And then we had quite a few successes as Jenny mentioned in her remarks, in ETFs, Canvas, separately managed accounts. And all these things are lower fee rate businesses. It’s less about fee erosion per se. I’d say, it’s just more about the business mix. So for the next quarter specifically, we expect EFR to probably be even in the high 37, so let’s say, high 37 to 38, but this is because of the success that we didn’t anticipate as much success with Putnam because the overall Putnam business is a lower effective fee rate. They’re kind of in the mid-35s.

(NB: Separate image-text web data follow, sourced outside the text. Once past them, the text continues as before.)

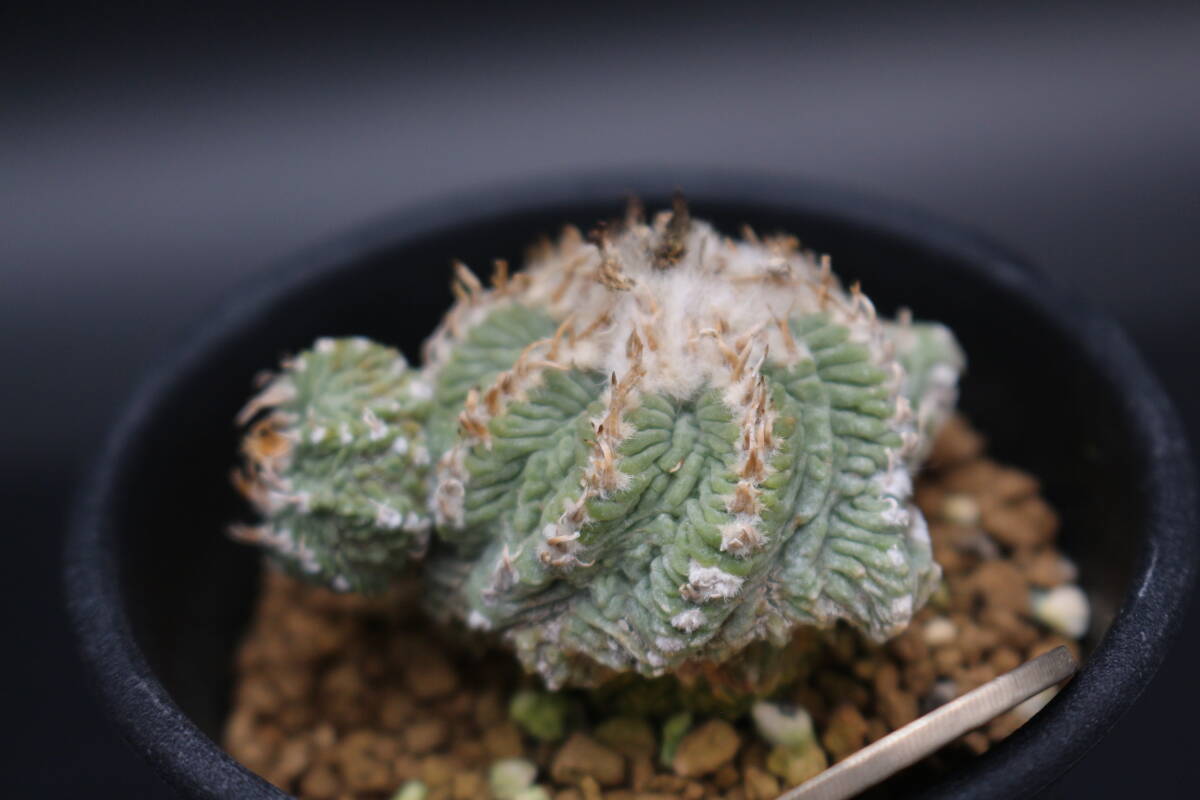 Yahoo!オークション -「サボテン花籠」(花、園芸) の落札相場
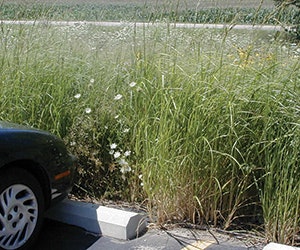 1652316072738 B 0513 Sustainability1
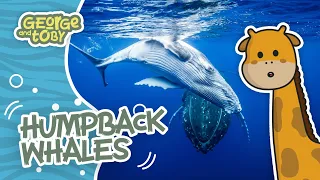 Humpback Whale Facts | George & Toby Wildlife Rangers | Animal Facts For Kids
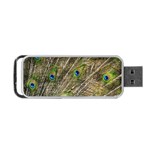 Peacock Feathers Color Plumage Green Portable USB Flash (Two Sides) Front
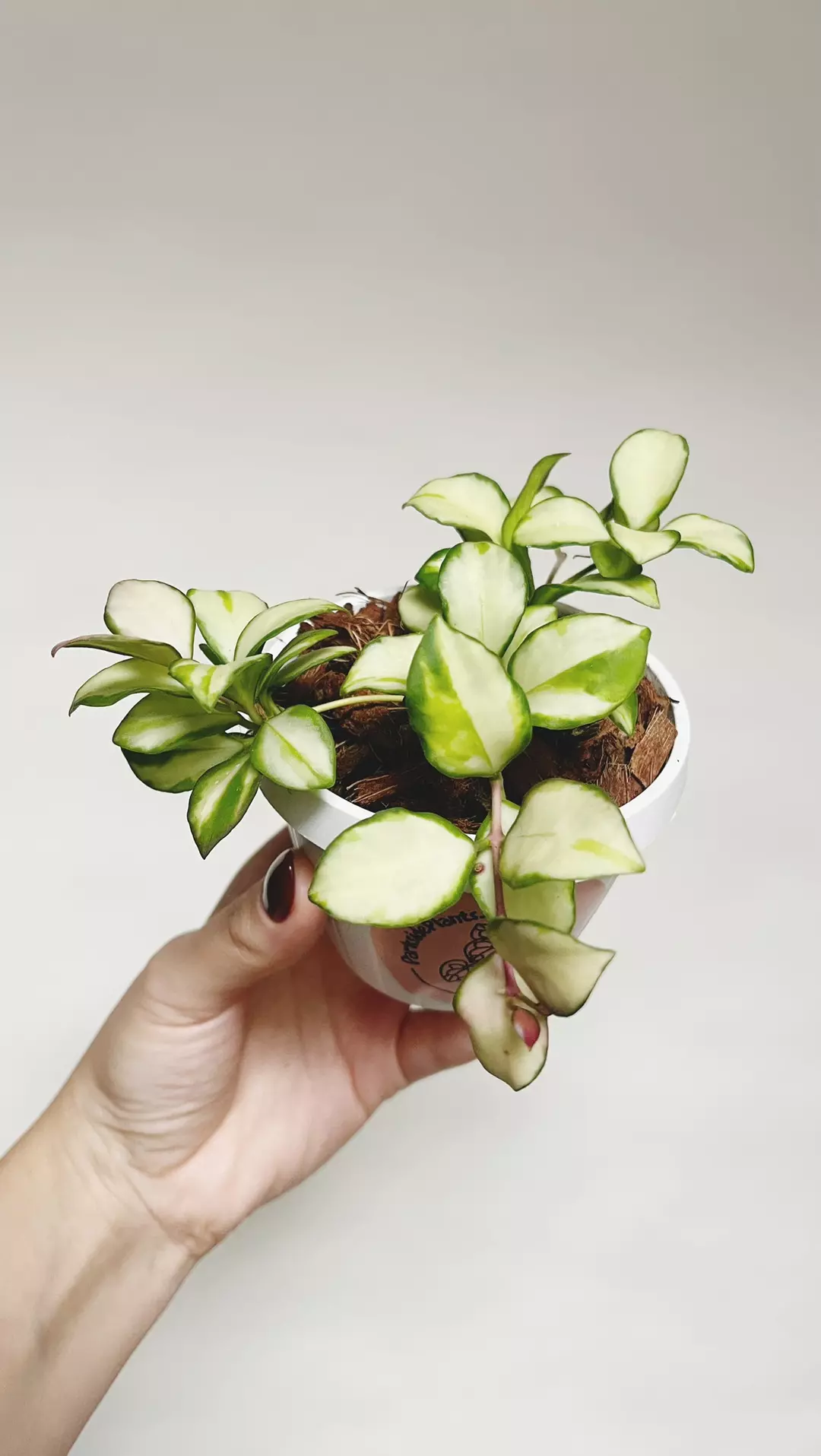 Hoya Heuschkeliana Variegated thumbnail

Faster inflows from Great-West Life at the lower end as we communicated, hopefully, clearly enough that those — the $25 billion of AUM that we expect to come in from Great-West Life, that will ultimately, when we get it all in, that will be in the mid-teens. But the initial amount that we’ve got are all in the lower fee categories, things like investment-grade credit, for example, for general account. But then on top of that, we expect continued growth in our ETF, Canvas and separately managed accounts, all of which are lower fee rates.
Now the reason why we keep the guide for the year in the 38s is because we have a view, again, as Jenny mentioned, of our alternative asset fundraising capabilities and expectations for the next 12 months, let’s call it. So on an annual basis, we expect the mix of business around alternative assets, equities, fixed income and then these other areas of growth that I just mentioned, to offset the fee reductions that at times in various quarters could go into the high 37s, but that’s just based for that 1 quarter — on the mix that 1 quarter. But for the year, we expect to remain fairly stable in the 38 area.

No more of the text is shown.